=== Your instructions ===
Your answer must be the exact lines below, starting with the line with "Question 7: CuCl2" and going on through the line with "Hi! Today I'm", both included, with no pictures.

=== Task material ===
===
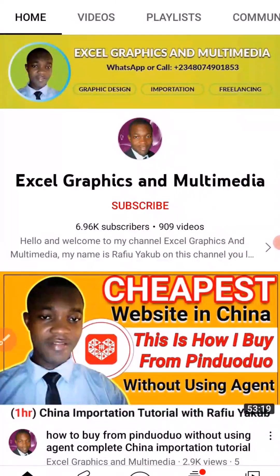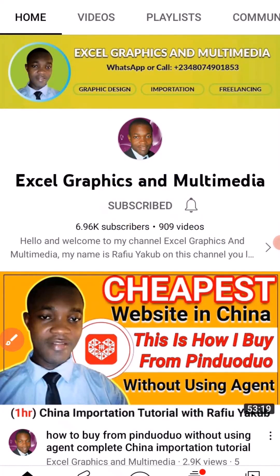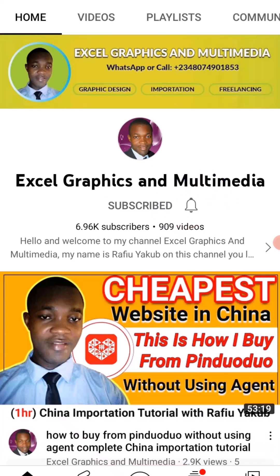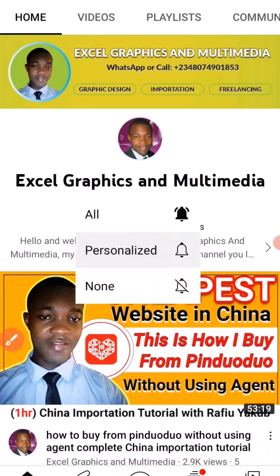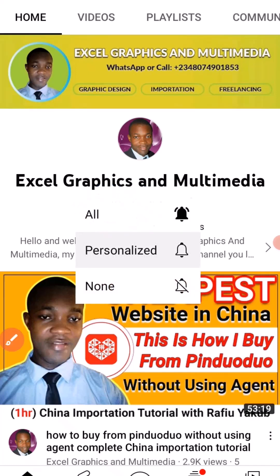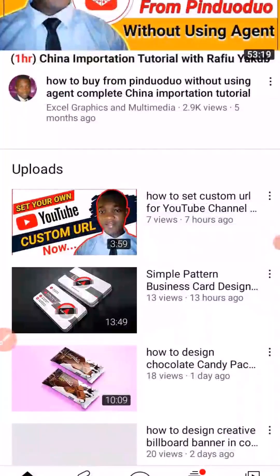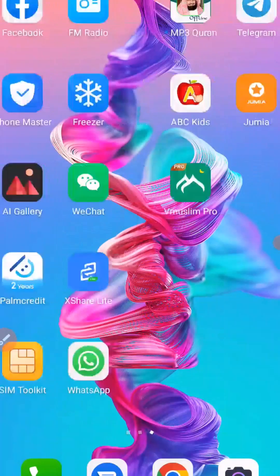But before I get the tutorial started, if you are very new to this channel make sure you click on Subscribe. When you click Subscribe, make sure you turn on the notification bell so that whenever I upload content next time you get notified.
===
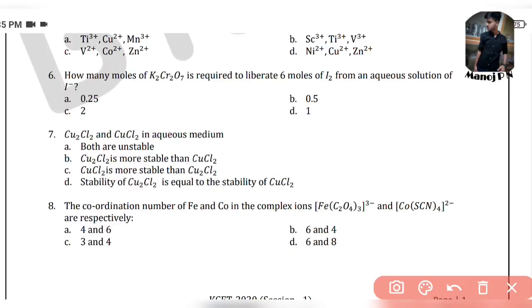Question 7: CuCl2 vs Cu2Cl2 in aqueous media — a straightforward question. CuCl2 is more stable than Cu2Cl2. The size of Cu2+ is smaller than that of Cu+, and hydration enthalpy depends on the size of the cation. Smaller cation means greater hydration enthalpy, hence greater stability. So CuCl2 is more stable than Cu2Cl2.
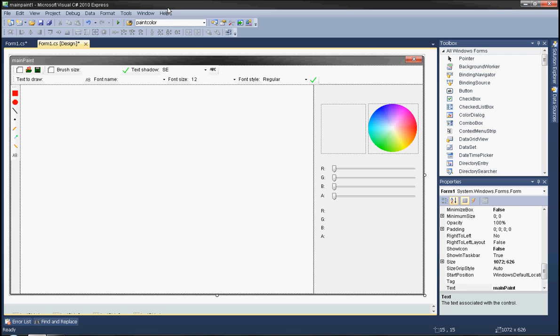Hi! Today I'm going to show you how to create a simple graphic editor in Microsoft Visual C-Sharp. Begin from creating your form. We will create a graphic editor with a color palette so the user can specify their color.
===
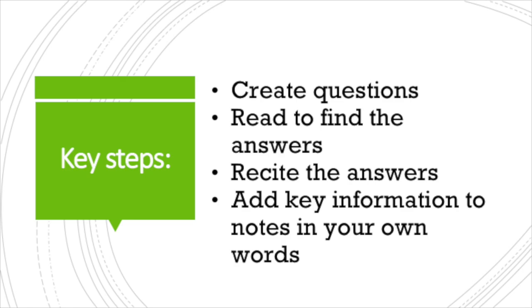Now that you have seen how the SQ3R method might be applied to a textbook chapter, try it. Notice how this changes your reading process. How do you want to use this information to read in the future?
===
=== Solution below ===
Question 7: CuCl2 vs Cu2Cl2 in aqueous media — a straightforward question. CuCl2 is more stable than Cu2Cl2. The size of Cu2+ is smaller than that of Cu+, and hydration enthalpy depends on the size of the cation. Smaller cation means greater hydration enthalpy, hence greater stability. So CuCl2 is more stable than Cu2Cl2.
Hi! Today I'm going to show you how to create a simple graphic editor in Microsoft Visual C-Sharp. Begin from creating your form. We will create a graphic editor with a color palette so the user can specify their color.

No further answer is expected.